There seem to be a lot of quick-fix solutions in terms of time-management and goal management systems with promises to change your life in 7 days. I have utmost respect for many of the authors of these systems and have seen results in my life from programs such as "Unleash the power within". However, I've also experienced that some things in life take time: learning to play a musical instrument with a degree of mastery; learning to paint; mastering just about any craft. These things take time and the "change your life in a week" solutions sell folks the idea that they really can master their destiny in a week. I think there is a big difference to taking charge of your life and time (which these systems can help with) and reaching goals that require consistent effort over long durations of time. Others might disagree, so I'll leave the blog open to comments as I develop my product.

The last few years have seen my life go down a path that I never foresaw, that some would describe as failure. I believe that too much focus on goals and achieving these goals lead me to a place where I had all the things I wanted, had reached all the goals I set for myself and was bored.

I've realised a couple of things:
  1. my dreams that I had strived so hard to achieve were small dreams and I should have dreamed bigger.
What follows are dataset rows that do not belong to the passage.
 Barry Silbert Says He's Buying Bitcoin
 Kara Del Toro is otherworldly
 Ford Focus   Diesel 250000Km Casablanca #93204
  2. achieving goals without having a solid reason for the goals will put you in a position where you don't celebrate your accomplishments as they have little meaning to you.
So I've been thinking about these questions:
  • What is a goal?
  • Why do we set goals?
  • What makes goals important (caring about the outcome)?
  • Why do we just give up on some goals?
  • How are goals related to vision?
  • How are goals related to how I define myself?
  • How are goals related to relationships?
This blog is going to be quite central to my life for the next few weeks while I work on this project and as the application develops I'll be posting downloadable links to the software. This blog is part of the project.